%%
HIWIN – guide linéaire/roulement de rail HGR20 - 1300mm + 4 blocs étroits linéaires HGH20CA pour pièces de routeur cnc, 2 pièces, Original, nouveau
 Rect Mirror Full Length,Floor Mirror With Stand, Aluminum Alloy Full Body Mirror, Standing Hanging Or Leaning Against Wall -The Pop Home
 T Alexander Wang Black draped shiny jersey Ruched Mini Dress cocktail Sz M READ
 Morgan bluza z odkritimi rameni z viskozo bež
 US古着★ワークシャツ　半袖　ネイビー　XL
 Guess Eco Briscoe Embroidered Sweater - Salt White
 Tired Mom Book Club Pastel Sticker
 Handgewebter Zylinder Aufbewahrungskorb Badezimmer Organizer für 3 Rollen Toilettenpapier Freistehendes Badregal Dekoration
%%
[What you need to do]
Find the line containing "Tired Mom Book Club Pastel Sticker", then output it and every line after it to the end of the data, exactly.

[Exercise result]
 Tired Mom Book Club Pastel Sticker
 Handgewebter Zylinder Aufbewahrungskorb Badezimmer Organizer für 3 Rollen Toilettenpapier Freistehendes Badregal Dekoration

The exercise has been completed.